Er zeichnete zunächst die lange Geschichte der Glasproduktion nach. Schon früh nutzten die Menschen natürliches Glas wie Obsidian als Schmuck oder als Spitzen von Jagdwaffen. Erste Erfahrungen sammelten sie beim Glasieren von Keramiken. Aus der Zeit um 650 vor Christus sind aus Assyrien die ersten Rezepte zur Glasherstellung überliefert, schon damals nutzten die Handwerker Soda, um die Schmelztemperatur von 1700 auf 1000 bis 1200 Grad zu senken. Kreide gaben sie zum besseren Formen dazu.
Im zweiten vorchristlichen Jahrhundert wurde die Glasbläserpfeife entwickelt. In der frühen römischen Kaiserzeit stand die Glaskunst in Blüte, Weiß- und Buntgläser in hoher Qualität und mit reichen Verzierungen beeindrucken bis heute, etwa das Kameenglas. Nördlich der Alpen seien zuerst um 800 in Graubünden Buntglasfenster geschaffen worden, berichtete Dr. Witzel. Es sei einfacher herzustellen als weißes Glas.
Mit Illustrationen aus dem 16. Jahrhundert zeigte er die Schritte zur Herstellung von Flachglas, das nach zweimaligem Schmelzen ausgerollt wurde. Dann wurden die Stücke in der gewünschten Größe und Form zurecht gebrochen und in H-förmige „Bleiruten“ gefasst.

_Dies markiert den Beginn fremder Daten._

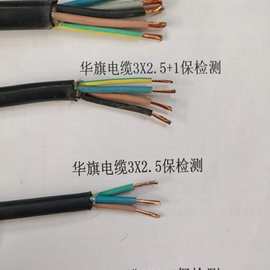 华旗牌 橡套软电缆2芯3芯4芯1.5/2.5/4/6平方YZ/YC JHS 橡胶电缆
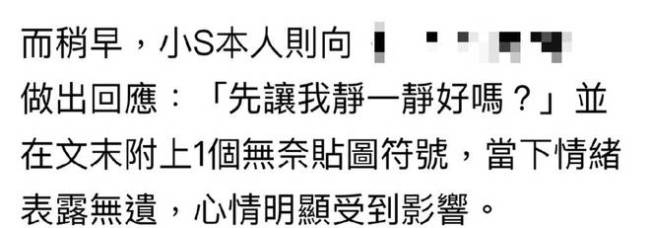 张兰直播间接小S电话不避嫌 呼吁网友别八卦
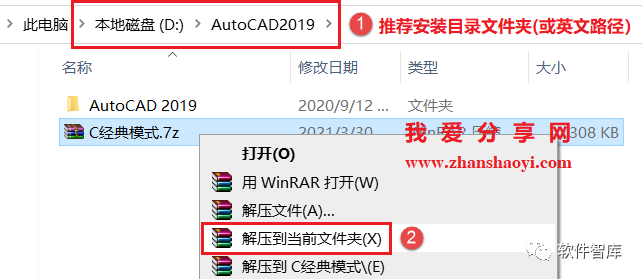 高版本CAD軟件工作界面如何調出經典模式？插圖1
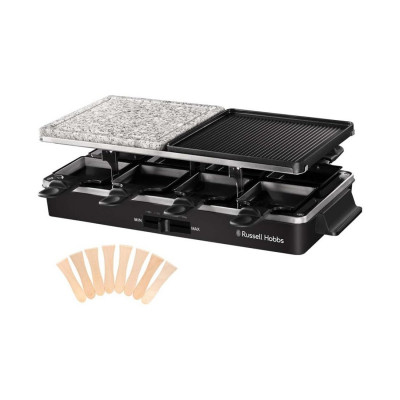 Раклетница 3 в 1 Russell Hobbs 26280-56 Раклетница 3 в 1 Russell Hobbs 26280-56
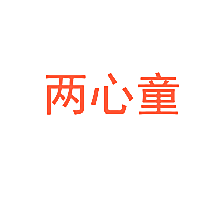两心童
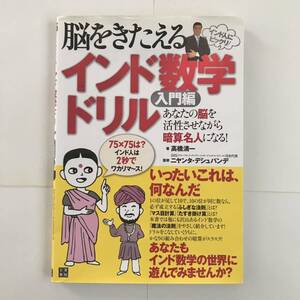 脳をきたえる　インド数学ドリル　入門編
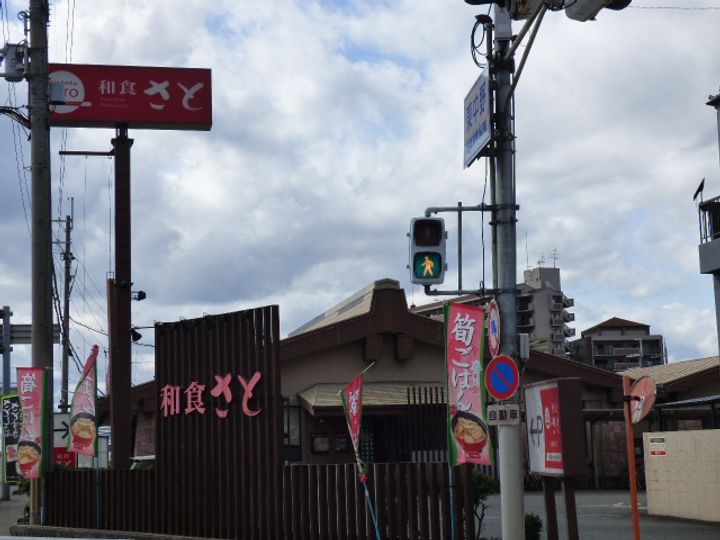 大阪府寝屋川市河北中町(一戸建)の賃貸物件の周辺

Glasmaler bearbeiteten die bunten Stücke. Dabei hätten sie zunächst nur eine Farbe gehabt: Schwarzlot. Mit Pinseln zeichneten sie damit Konturen von Figuren oder Ornamenten auf – oder sie brachten es großflächig aus und kratzten dann Muster heraus. Danach wurde die Farbe bei Temperaturen um 500 Grad „aufgeschmolzen“. Im 14. und 15. Jahrhundert kamen auch Eisenrot und Silbergelb dazu.
Einen regelrechten Siegeszug trat das Buntglas mit dem Übergang von der Romanik zur Gotik an: Statt dicker Mauern und kleiner Rundbogenfenster gab es kaum noch Mauern, dafür riesige Fenster, die mit Bildfeldern ausgeschmückt wurden.
Das filigrane „Maßwerk“, also der steinerne Fensterrahmen, sei am Boden vorgefertigt worden, um die Passgenauigkeit zu gewährleisten, berichtete Dr. Witzel. Für die Bildmotive hätten die Glasmaler Schablonen aus Pappe oder weiß gekalktem Holz in Originalgröße als Vorlage verwandt. Da die Bleieinfassung wenig stabil war, wurden die Fensterscheiben noch mit Quereisen und „Sturmstangen“ verstärkt.
Waren die teuren Glasfenster zunächst in Kirchen zu finden, wurden sie im hohen Mittelalter auch zunehmend in Profanbauten verwendet. Verbreitet waren Wappen- oder Kabinettfenster, sie seien auch ein beliebtes Geschenk gewesen.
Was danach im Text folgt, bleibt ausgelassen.